Source material
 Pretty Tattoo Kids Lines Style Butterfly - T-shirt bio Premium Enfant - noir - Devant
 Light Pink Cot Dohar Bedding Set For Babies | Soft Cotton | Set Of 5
---
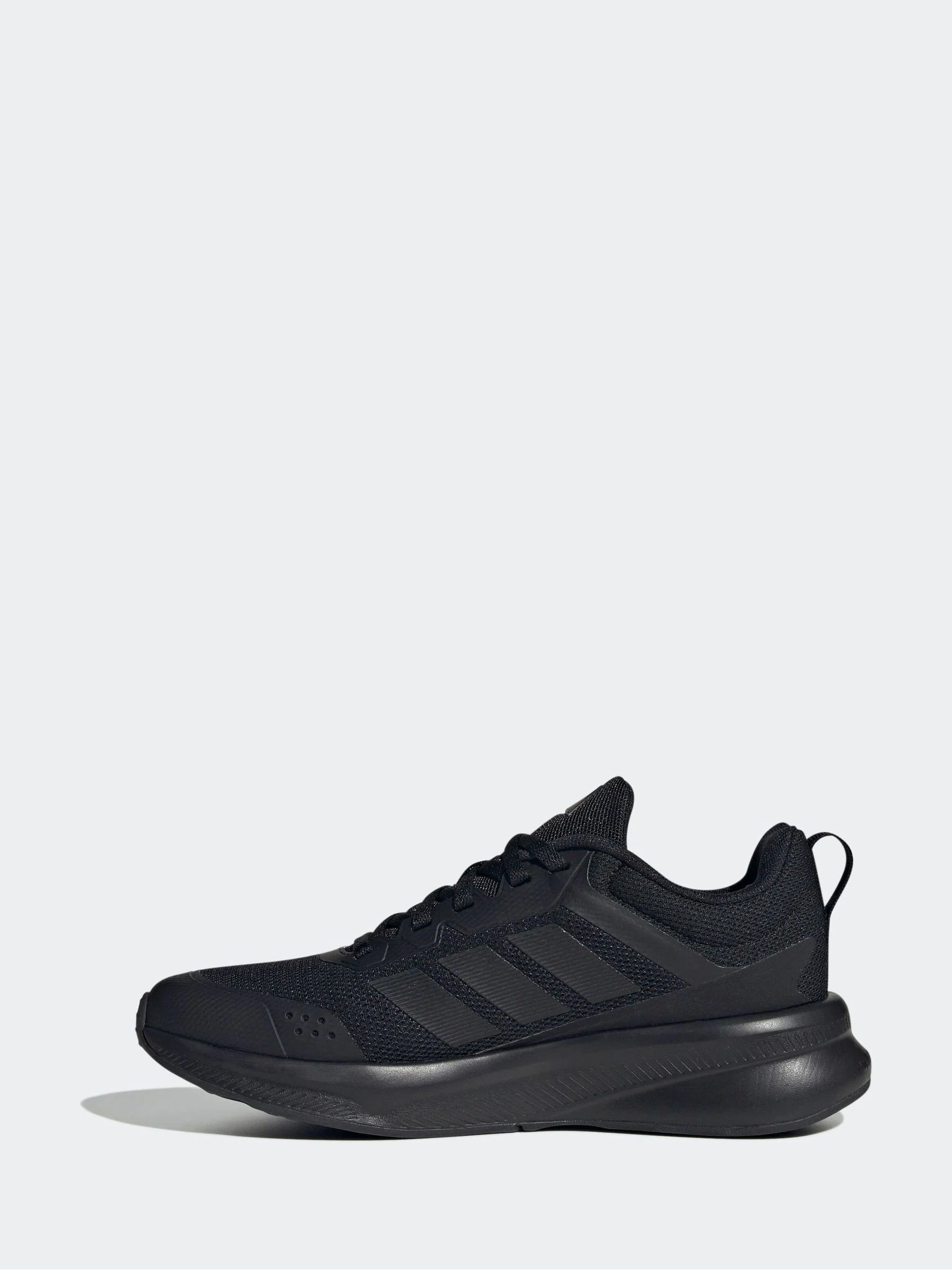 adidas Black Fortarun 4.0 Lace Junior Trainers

Brief
Within the listing above, locate the line containing "Pretty Tattoo Kids" and the line containing "Light Pink Cot". Reproduce those two lines and all lines between them exactly, with nothing added.

Answer to this problem
 Pretty Tattoo Kids Lines Style Butterfly - T-shirt bio Premium Enfant - noir - Devant
 Light Pink Cot Dohar Bedding Set For Babies | Soft Cotton | Set Of 5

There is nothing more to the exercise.